--- Exercise instructions ---
Nothing outside the range below should be printed. Output exactly the lines from the line with "Purple Audio Action" to the line with "Hotel photo 14", both included.
※
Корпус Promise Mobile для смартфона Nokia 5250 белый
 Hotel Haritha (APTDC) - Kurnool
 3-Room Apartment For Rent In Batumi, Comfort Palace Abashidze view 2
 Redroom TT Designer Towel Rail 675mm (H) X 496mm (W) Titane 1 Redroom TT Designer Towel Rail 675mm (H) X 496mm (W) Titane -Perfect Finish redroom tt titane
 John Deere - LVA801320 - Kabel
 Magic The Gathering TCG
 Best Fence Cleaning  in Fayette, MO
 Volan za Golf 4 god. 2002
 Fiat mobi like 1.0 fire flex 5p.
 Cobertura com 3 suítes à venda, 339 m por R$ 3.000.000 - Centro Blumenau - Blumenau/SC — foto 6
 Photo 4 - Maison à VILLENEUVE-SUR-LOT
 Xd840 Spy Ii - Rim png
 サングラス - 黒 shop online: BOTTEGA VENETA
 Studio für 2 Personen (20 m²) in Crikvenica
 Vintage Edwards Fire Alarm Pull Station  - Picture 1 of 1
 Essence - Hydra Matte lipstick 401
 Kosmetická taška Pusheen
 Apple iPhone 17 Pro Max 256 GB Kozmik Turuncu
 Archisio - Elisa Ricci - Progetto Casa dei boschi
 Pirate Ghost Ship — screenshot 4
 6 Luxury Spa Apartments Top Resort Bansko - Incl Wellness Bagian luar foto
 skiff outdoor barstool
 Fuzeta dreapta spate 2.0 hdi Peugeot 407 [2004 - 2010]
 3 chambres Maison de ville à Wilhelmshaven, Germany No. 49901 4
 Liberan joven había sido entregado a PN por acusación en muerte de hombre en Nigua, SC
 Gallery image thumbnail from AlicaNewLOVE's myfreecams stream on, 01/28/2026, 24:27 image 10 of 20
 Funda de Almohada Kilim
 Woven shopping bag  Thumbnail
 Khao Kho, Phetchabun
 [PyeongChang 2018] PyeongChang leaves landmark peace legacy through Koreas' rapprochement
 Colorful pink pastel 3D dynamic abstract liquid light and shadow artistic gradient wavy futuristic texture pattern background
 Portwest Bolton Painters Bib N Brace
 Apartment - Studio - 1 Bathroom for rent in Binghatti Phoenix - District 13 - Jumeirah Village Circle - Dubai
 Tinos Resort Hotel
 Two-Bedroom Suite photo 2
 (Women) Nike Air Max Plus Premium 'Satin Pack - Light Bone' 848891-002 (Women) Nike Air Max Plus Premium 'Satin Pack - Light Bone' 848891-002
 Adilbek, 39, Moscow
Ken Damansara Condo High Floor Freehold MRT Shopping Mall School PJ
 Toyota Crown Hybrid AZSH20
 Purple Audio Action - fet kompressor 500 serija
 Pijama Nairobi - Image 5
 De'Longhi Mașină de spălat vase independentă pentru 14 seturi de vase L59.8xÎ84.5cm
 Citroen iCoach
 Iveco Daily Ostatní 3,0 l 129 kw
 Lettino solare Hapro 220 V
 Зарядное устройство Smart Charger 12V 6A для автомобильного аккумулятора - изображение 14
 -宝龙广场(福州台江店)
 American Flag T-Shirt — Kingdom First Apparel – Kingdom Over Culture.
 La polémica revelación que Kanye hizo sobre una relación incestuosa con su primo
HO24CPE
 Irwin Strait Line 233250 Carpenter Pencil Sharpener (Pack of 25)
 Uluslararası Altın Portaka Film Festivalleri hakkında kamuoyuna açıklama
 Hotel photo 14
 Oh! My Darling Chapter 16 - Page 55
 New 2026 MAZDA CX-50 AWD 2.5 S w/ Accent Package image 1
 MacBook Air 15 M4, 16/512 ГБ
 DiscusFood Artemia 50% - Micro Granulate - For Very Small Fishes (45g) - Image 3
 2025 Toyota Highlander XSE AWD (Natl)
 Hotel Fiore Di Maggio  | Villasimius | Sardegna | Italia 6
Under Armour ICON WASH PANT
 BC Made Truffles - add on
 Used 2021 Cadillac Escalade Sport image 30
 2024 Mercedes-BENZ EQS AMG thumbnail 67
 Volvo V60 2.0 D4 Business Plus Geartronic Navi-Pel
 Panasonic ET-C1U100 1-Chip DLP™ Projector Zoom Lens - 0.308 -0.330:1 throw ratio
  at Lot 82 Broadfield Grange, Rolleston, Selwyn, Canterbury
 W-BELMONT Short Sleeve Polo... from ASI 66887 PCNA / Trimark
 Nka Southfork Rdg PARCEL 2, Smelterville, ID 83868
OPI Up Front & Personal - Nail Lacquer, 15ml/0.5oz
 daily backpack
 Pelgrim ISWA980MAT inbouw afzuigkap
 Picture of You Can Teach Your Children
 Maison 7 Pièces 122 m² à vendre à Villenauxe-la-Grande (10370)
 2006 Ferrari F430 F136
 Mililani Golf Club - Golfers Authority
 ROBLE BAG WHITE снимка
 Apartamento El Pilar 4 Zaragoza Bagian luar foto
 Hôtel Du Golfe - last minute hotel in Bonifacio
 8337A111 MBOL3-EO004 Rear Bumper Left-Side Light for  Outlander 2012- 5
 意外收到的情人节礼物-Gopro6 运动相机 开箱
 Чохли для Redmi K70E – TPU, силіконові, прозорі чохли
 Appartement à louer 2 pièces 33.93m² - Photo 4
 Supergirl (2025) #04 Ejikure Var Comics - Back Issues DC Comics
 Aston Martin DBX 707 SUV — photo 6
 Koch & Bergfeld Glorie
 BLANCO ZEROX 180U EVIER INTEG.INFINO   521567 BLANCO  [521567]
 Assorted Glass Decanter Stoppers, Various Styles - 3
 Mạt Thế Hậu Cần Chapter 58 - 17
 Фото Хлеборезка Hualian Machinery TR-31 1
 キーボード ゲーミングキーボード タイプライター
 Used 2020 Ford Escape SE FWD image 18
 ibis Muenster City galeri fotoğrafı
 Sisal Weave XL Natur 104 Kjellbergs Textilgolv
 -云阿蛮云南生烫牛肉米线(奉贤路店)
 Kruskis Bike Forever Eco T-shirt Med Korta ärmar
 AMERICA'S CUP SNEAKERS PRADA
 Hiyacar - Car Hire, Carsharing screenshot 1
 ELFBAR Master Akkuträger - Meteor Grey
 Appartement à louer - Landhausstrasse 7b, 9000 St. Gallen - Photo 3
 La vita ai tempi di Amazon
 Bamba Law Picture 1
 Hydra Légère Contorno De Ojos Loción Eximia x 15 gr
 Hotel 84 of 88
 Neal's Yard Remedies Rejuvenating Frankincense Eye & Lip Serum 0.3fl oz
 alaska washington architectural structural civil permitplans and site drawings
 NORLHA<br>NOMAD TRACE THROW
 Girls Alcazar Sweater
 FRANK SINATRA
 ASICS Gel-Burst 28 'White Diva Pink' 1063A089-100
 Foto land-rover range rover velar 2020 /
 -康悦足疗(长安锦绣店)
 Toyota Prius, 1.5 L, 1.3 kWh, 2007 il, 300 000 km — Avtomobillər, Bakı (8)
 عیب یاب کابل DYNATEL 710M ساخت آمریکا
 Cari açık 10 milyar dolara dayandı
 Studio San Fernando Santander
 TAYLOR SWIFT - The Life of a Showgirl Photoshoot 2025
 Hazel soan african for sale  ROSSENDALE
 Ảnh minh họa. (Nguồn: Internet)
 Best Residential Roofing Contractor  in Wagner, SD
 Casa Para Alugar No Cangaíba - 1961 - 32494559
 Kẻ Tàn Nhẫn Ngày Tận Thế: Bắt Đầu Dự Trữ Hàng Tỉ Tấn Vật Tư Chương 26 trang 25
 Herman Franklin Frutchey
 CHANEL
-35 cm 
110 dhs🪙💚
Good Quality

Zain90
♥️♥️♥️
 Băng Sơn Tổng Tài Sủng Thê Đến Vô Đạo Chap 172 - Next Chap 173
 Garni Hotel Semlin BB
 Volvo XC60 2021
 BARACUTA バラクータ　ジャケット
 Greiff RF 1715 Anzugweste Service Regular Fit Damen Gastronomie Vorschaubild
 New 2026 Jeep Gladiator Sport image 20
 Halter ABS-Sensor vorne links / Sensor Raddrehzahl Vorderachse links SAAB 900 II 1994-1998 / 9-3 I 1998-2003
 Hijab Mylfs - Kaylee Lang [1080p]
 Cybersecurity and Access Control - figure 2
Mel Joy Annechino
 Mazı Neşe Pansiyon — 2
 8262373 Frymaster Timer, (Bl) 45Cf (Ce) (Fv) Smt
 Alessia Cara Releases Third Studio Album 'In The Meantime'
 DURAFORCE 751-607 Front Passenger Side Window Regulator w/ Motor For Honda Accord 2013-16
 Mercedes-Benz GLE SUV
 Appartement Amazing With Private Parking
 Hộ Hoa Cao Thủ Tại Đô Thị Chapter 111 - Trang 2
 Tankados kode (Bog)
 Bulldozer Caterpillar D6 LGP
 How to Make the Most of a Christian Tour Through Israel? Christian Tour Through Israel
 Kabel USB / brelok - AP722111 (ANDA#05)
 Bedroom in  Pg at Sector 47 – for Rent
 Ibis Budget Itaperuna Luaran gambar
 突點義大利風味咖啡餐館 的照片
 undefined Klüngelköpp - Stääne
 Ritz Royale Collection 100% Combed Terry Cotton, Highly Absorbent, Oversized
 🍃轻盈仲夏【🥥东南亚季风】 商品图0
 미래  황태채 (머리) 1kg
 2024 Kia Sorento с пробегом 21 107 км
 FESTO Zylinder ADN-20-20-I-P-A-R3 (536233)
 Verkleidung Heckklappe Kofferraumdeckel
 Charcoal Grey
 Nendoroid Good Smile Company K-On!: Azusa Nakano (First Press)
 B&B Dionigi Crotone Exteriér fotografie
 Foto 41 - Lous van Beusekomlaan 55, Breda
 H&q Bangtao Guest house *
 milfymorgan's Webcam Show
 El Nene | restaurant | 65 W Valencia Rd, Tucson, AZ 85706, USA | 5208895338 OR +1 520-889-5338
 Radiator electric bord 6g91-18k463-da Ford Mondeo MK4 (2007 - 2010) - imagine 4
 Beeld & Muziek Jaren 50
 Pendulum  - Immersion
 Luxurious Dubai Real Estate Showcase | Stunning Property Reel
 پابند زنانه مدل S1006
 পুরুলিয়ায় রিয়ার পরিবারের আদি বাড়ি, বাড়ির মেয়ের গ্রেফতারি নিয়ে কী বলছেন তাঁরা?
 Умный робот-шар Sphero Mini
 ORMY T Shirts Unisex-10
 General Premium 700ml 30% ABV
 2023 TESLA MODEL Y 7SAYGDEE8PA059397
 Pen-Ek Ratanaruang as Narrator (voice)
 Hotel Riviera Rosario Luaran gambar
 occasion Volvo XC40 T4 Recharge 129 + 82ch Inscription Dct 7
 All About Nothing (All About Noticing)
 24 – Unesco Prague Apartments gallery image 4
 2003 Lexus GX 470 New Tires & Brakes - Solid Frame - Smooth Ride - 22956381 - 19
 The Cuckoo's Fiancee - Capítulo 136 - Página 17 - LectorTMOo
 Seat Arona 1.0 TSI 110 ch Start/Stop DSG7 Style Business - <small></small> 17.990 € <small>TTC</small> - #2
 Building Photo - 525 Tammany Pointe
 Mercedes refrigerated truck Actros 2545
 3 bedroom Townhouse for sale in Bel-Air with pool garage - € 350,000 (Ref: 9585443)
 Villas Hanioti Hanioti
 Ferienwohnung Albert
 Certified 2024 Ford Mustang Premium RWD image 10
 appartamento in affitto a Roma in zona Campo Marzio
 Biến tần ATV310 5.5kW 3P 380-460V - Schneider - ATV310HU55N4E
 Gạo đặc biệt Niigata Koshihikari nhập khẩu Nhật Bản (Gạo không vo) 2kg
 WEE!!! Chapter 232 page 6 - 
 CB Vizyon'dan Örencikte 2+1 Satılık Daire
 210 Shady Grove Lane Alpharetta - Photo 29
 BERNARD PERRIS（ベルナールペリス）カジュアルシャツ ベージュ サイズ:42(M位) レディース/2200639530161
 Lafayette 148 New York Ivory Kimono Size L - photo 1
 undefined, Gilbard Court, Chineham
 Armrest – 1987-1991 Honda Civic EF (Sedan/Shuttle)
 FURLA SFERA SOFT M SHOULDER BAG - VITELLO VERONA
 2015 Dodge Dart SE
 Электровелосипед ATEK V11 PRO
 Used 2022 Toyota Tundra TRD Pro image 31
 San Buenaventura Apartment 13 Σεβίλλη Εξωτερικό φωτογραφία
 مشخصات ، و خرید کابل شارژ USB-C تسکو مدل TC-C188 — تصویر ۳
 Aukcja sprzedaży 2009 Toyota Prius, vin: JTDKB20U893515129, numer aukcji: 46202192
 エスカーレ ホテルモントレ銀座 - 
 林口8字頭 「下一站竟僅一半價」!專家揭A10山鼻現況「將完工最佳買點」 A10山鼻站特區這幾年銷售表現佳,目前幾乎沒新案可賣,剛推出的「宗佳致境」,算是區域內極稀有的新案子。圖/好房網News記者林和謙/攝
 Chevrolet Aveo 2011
※
--- Reply to the task ---
 Purple Audio Action - fet kompressor 500 serija
 Pijama Nairobi - Image 5
 De'Longhi Mașină de spălat vase independentă pentru 14 seturi de vase L59.8xÎ84.5cm
 Citroen iCoach
 Iveco Daily Ostatní 3,0 l 129 kw
 Lettino solare Hapro 220 V
 Зарядное устройство Smart Charger 12V 6A для автомобильного аккумулятора - изображение 14
 -宝龙广场(福州台江店)
 American Flag T-Shirt — Kingdom First Apparel – Kingdom Over Culture.
 La polémica revelación que Kanye hizo sobre una relación incestuosa con su primo
HO24CPE
 Irwin Strait Line 233250 Carpenter Pencil Sharpener (Pack of 25)
 Uluslararası Altın Portaka Film Festivalleri hakkında kamuoyuna açıklama
 Hotel photo 14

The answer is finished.